- [SUPPLIED INFORMATION]:
◆ ◆ ◆
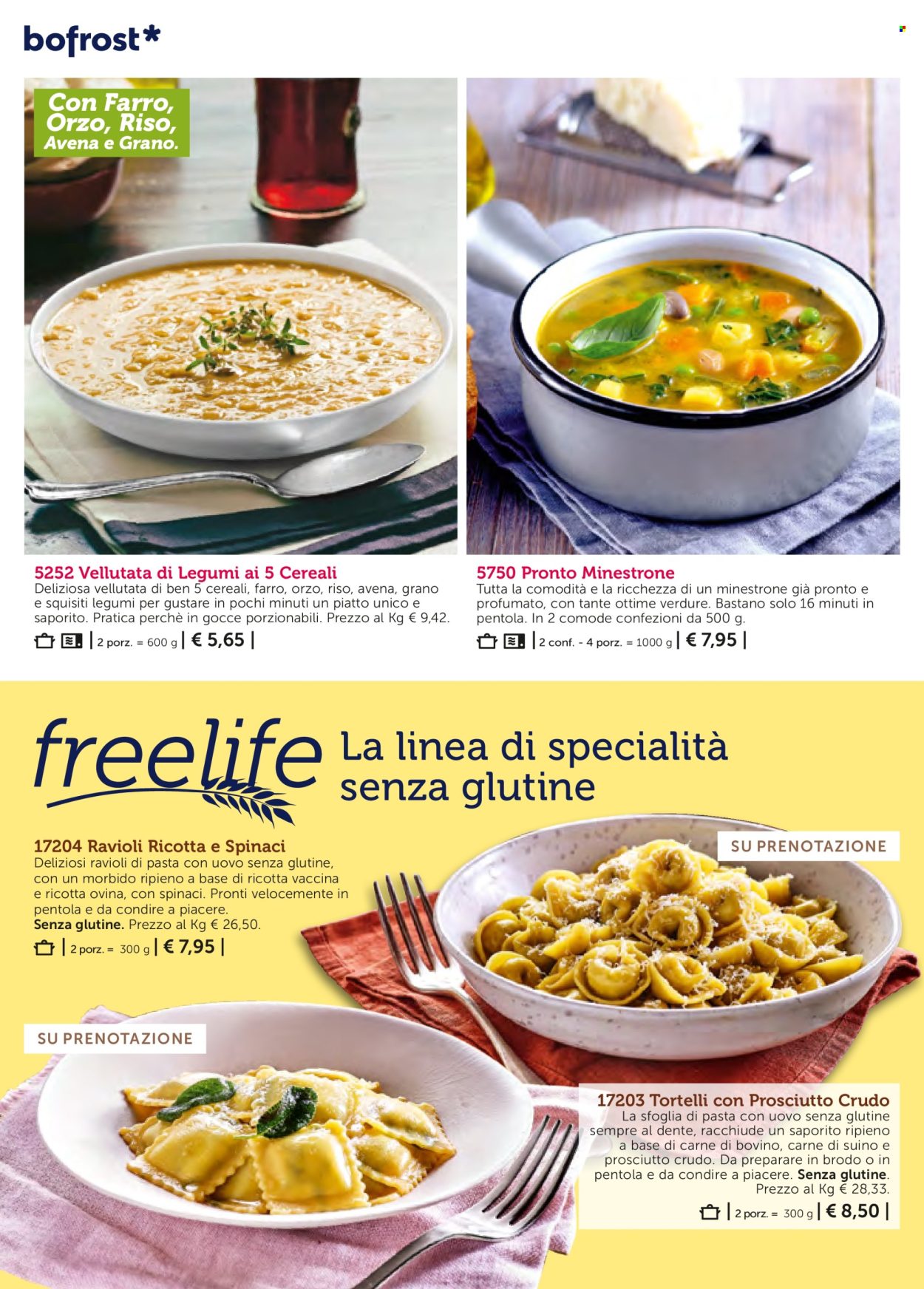 thumbnail - Volantino Bofrost - Prodotti in offerta - manzo, minestrone, vellutata, piatto unico. Pagina 64.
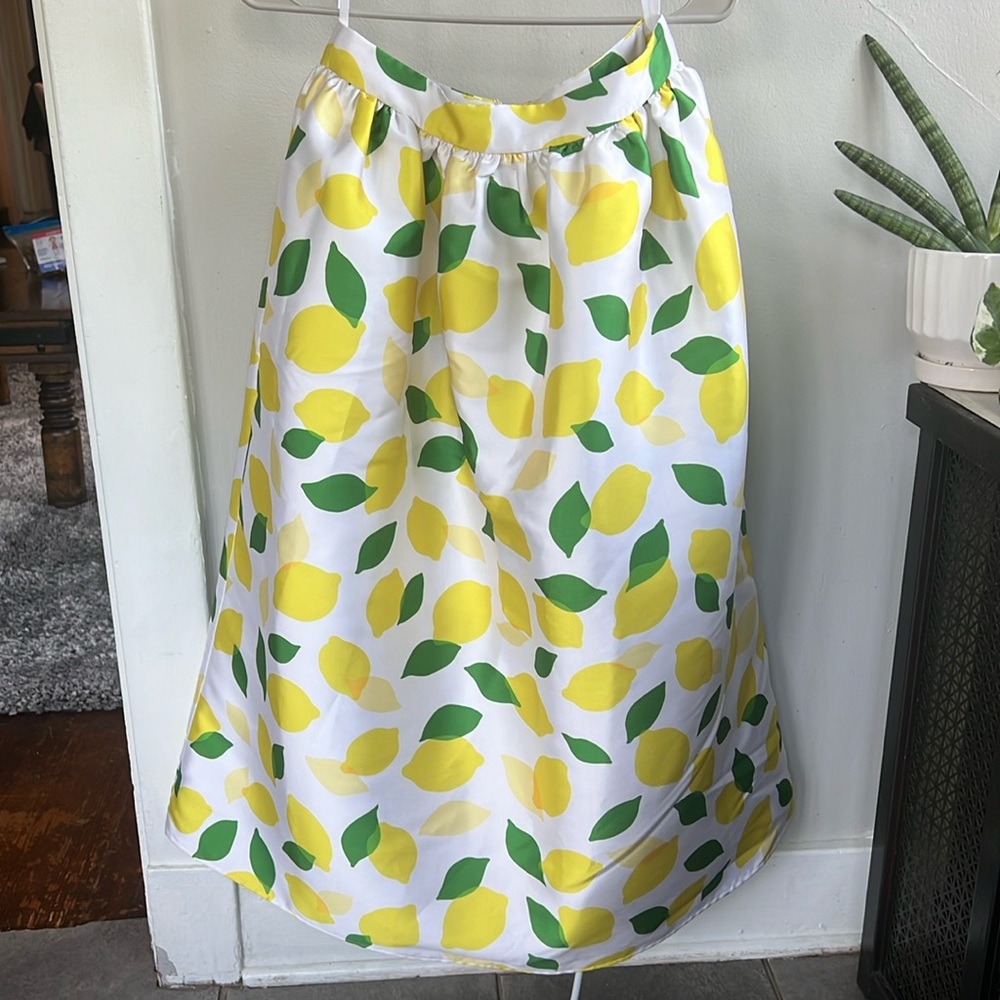 NWT Kate Spade Lemon Toss Mikado Midi Skirt - Size 4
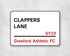 Clappers Lane - Gresford Athletic FC aluminium printed metal street sign - gift, keepsake, football gift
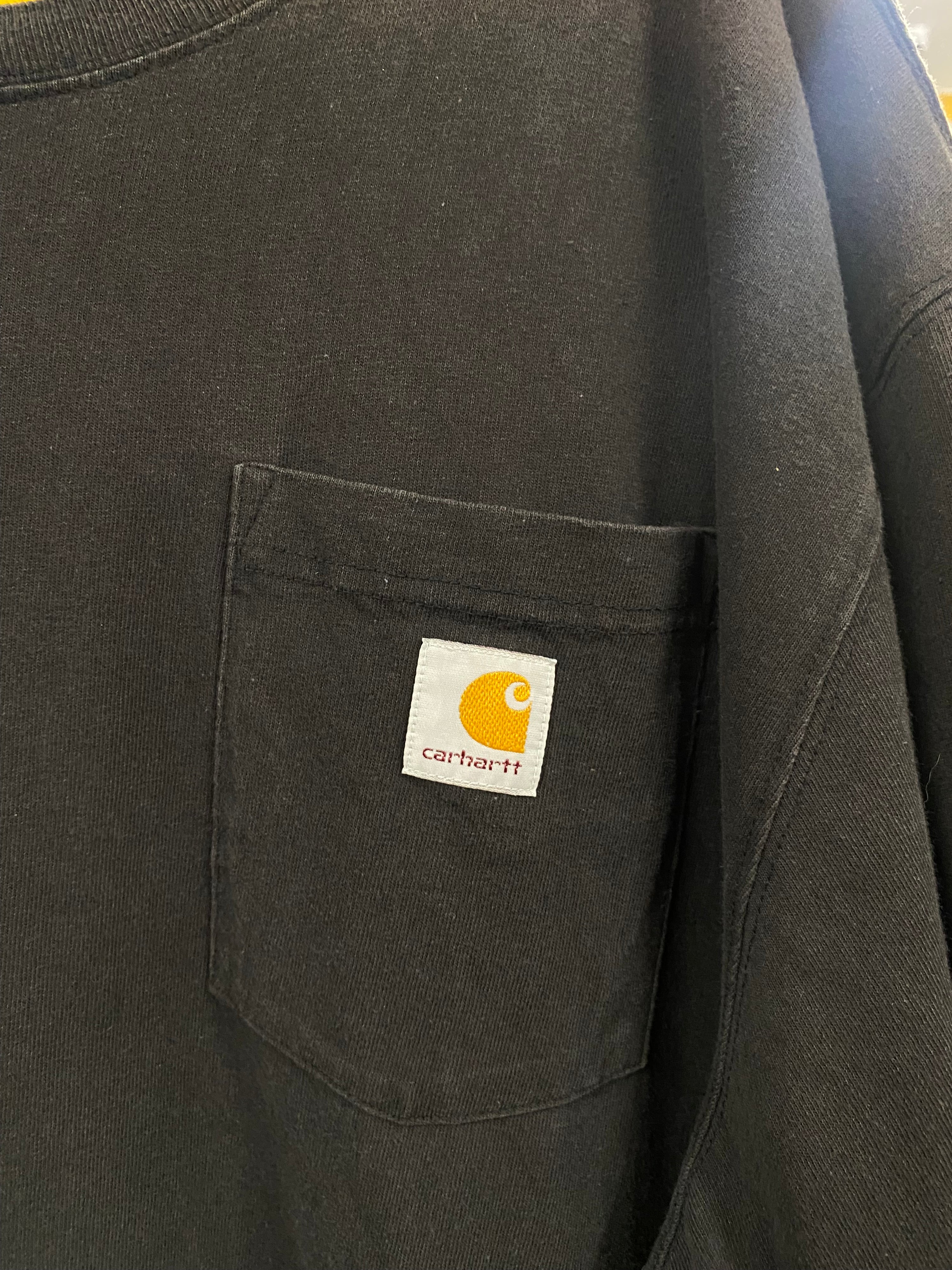 [2XL] Carhartt Black Pocket Tee Original Fit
◆ ◆ ◆
- [DIRECTIONS FOR THIS TASK]: Reproduce the data verbatim. Do not carry any picture into the copy.

- [ANSWER TO THE EXERCISE]:
 thumbnail - Volantino Bofrost - Prodotti in offerta - manzo, minestrone, vellutata, piatto unico. Pagina 64.
 NWT Kate Spade Lemon Toss Mikado Midi Skirt - Size 4
 Clappers Lane - Gresford Athletic FC aluminium printed metal street sign - gift, keepsake, football gift
 [2XL] Carhartt Black Pocket Tee Original Fit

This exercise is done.